* [Prompt]:
Retype, exactly and only, each line from the one containing "ヤンキー顔イケメンが集うトピ　part5" to the end of the records below.

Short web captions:
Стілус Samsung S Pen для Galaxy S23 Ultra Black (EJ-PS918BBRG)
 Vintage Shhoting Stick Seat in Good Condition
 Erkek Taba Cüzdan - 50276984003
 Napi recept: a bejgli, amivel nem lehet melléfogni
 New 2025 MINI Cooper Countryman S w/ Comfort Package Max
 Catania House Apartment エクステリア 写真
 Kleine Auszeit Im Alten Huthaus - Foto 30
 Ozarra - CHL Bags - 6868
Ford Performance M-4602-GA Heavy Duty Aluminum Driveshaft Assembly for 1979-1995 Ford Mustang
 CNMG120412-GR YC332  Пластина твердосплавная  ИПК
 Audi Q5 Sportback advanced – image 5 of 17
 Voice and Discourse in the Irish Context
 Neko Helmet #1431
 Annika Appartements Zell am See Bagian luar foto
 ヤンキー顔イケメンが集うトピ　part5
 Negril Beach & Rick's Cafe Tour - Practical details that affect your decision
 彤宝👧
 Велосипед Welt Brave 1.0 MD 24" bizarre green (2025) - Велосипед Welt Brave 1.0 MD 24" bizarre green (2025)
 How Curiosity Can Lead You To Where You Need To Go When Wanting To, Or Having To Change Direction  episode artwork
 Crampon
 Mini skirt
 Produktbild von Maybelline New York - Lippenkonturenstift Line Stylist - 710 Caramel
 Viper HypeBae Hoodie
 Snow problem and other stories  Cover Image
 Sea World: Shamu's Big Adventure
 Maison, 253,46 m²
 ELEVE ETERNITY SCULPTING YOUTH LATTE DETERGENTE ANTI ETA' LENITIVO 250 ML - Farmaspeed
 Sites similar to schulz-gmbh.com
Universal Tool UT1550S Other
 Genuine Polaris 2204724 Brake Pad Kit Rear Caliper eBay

* [Worked solution]:
 ヤンキー顔イケメンが集うトピ　part5
 Negril Beach & Rick's Cafe Tour - Practical details that affect your decision
 彤宝👧
 Велосипед Welt Brave 1.0 MD 24" bizarre green (2025) - Велосипед Welt Brave 1.0 MD 24" bizarre green (2025)
 How Curiosity Can Lead You To Where You Need To Go When Wanting To, Or Having To Change Direction  episode artwork
 Crampon
 Mini skirt
 Produktbild von Maybelline New York - Lippenkonturenstift Line Stylist - 710 Caramel
 Viper HypeBae Hoodie
 Snow problem and other stories  Cover Image
 Sea World: Shamu's Big Adventure
 Maison, 253,46 m²
 ELEVE ETERNITY SCULPTING YOUTH LATTE DETERGENTE ANTI ETA' LENITIVO 250 ML - Farmaspeed
 Sites similar to schulz-gmbh.com
Universal Tool UT1550S Other
 Genuine Polaris 2204724 Brake Pad Kit Rear Caliper eBay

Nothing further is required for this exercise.